Il potere mafioso, o come dice Saviano, il "Sistema", ha molte facce. In estrema sintesi, la ragione di questo stato di cose risale all'insediarsi del fascismo in Italia (scritta grande). Un cancro che è stato imitato poi in altre parti del mondo. Il duce canaglia è morto, ma tutti i sostenitori (industria, banche, vaticano) NO.
 
Così come rimasero tutti al loro posto dopo l'amnistia Togliatti del '46, impuniti e immuni metà di Esercito, Magistratura, Polizia, Prefetti, Istruzione ed Enti pubblici eccetera, messi in quei posti chiave direttamente dal duce o lì restati perché i singoli "servitori dello Stato" aderirono di propria volontà alla "causa".
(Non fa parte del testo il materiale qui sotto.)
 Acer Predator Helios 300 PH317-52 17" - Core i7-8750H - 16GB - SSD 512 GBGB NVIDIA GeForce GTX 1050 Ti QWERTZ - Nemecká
Tutta la parte migliore del 'Paese Italia' dovette andarsene, colle buone (emigrazione, esilio) o colle cattive (confino, uccisione, deportazione) lasciando spazio - e beni materiali - alla marmaglia, alla mercè della potente e collusa parte peggiore (ma minoranza numerica) del Paese.
 
Brains
  
Viene infine la Liberazione, e con sè porta il diritto (teorico) allo 'Stato di diritto'. 
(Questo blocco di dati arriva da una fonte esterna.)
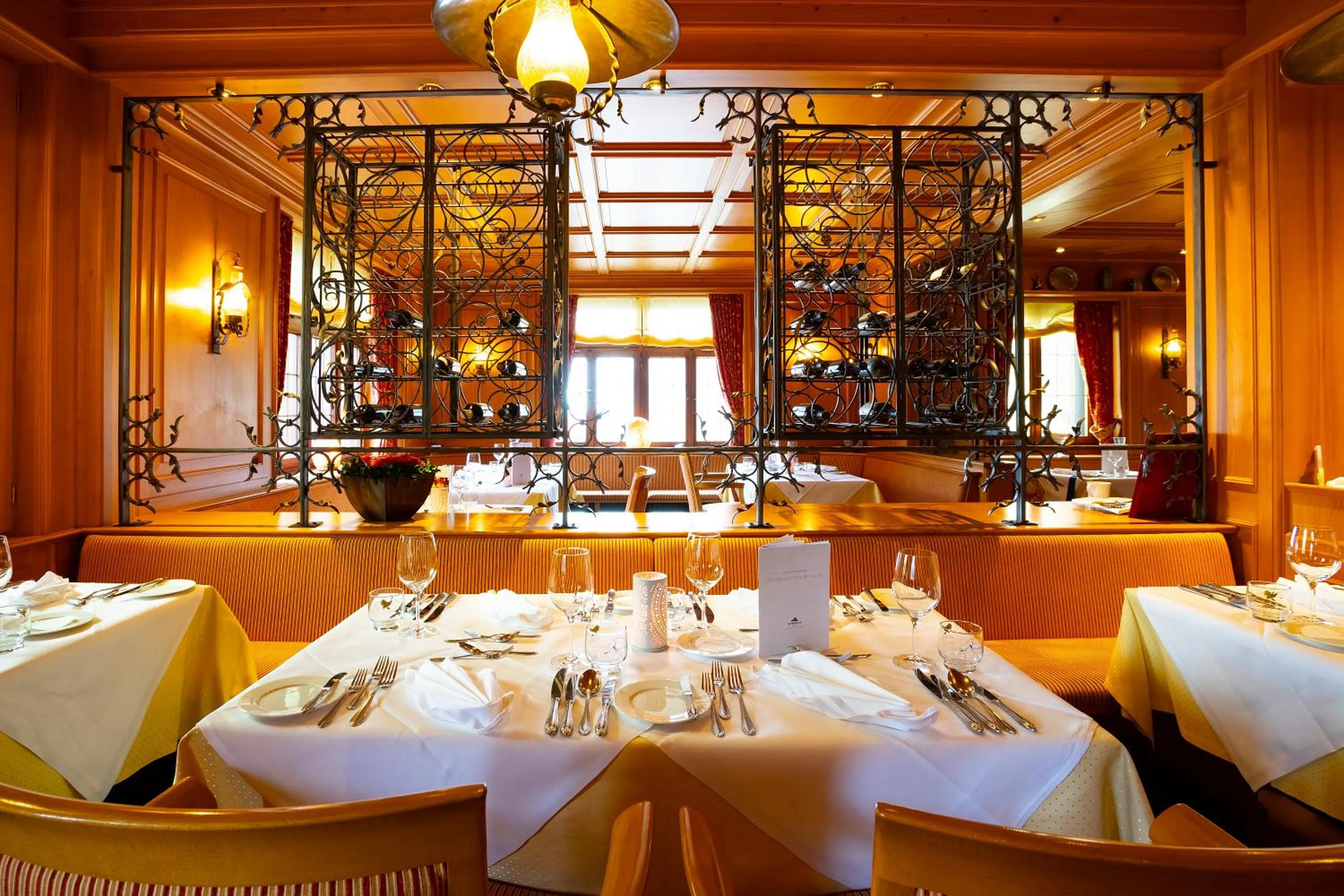 Restaurant/places to eat in Bio- und Wellnesshotel Alpenblick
Ma il principale Diritto, quello alla Giustizia nel senso più alto del termine, viene però negato da subito: tutta la Marmaglia palla al piede del Paese rimane al suo posto. L'amnistia targata Togliatti e VOLUTA dagli Alleati in funzione anti-Stalin non permise che si procedesse - come fu fatto in Francia e in Germania - a una "Norimberga italiana" che facesse pulizia radicale della marmaglia, che ne mondasse la Nazione. Restituendo, magari, a cittadini dissenzienti e ai cittadini partigiani e loro famiglie cacciati via da fascio & simpatizzanti le loro case e beni, mobili e immobili. Così non fu, anzi. 
Questo "spartiacque", questo legalizzare nei fatti la rapina da parte di organi dello Stato, fu la prima e la più grave LEZIONE DI IMPUNITA' impartita al popolo italiano nella 'nuova Repubblica' (anti-fascista?).

Una seconda enorme lezione di mafia e di impunità - intese come modalità di governo del Paese e delle Istituzioni - venne data dalla strage mafiosa del Vajont, erroneamente (appunto, mafiosamente) spacciata per "disastro naturale" fin dal giorno dell'eccidio premeditato. Piccola pausa.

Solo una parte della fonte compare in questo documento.